> Exercise description
Every entry in the following listing must be restated word for word, though not its pictures.

> Data to use
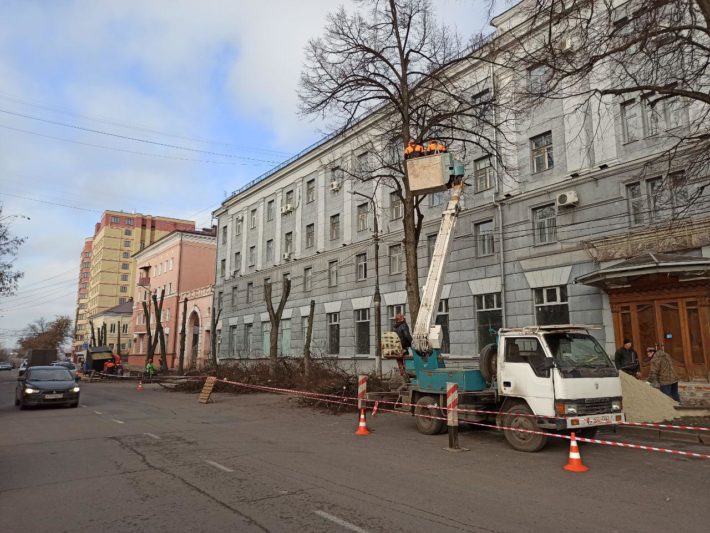 В Курске на улице Почтовой начали сносить липы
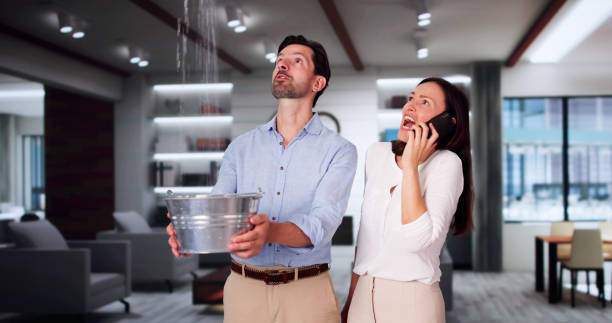 Best Water damage restoration experts  in Winsted, MN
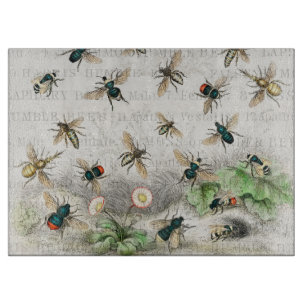 Tabla De Cortar Abeja Reina Entomología Botánica Vintage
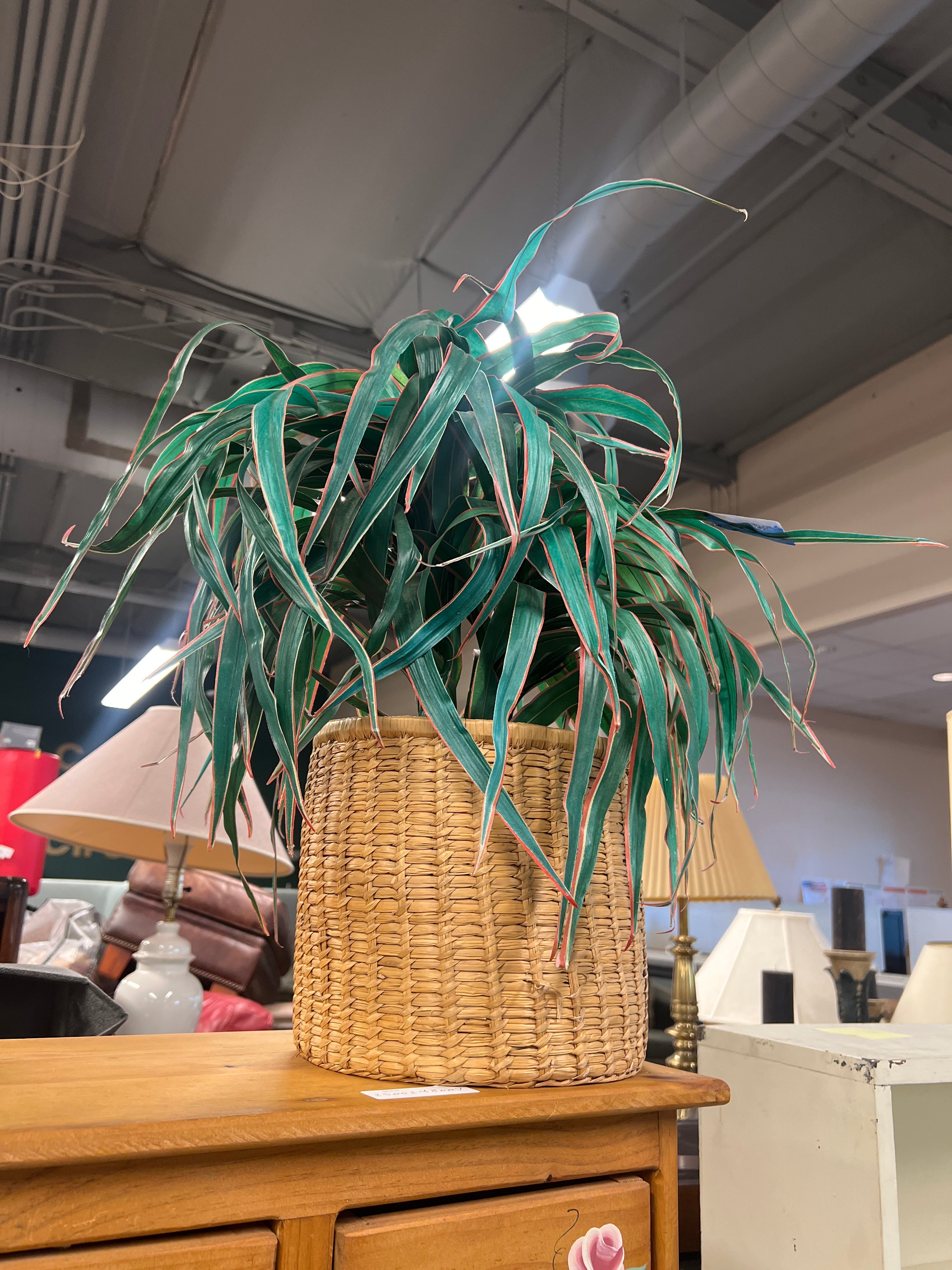 Faux Dracaena Plant in Woven Basket Planter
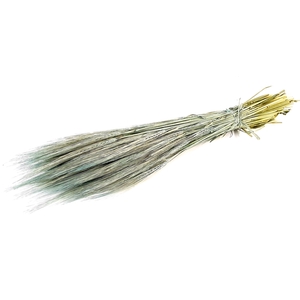 DRIED FLOWERS - HORDEUM FROSTED LIGHT BLUE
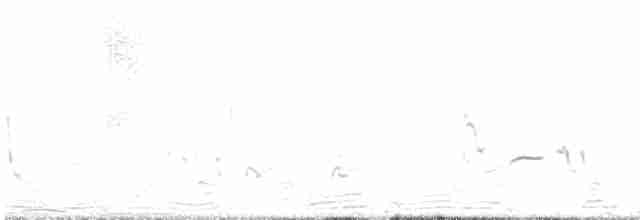 Rotsteiß-Spottdrossel - ML617151209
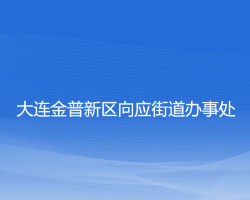 大连金普新区向应街道办事处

> Solution for this problem
 В Курске на улице Почтовой начали сносить липы
 Best Water damage restoration experts  in Winsted, MN
 Tabla De Cortar Abeja Reina Entomología Botánica Vintage
 Faux Dracaena Plant in Woven Basket Planter
 DRIED FLOWERS - HORDEUM FROSTED LIGHT BLUE
 Rotsteiß-Spottdrossel - ML617151209
 大连金普新区向应街道办事处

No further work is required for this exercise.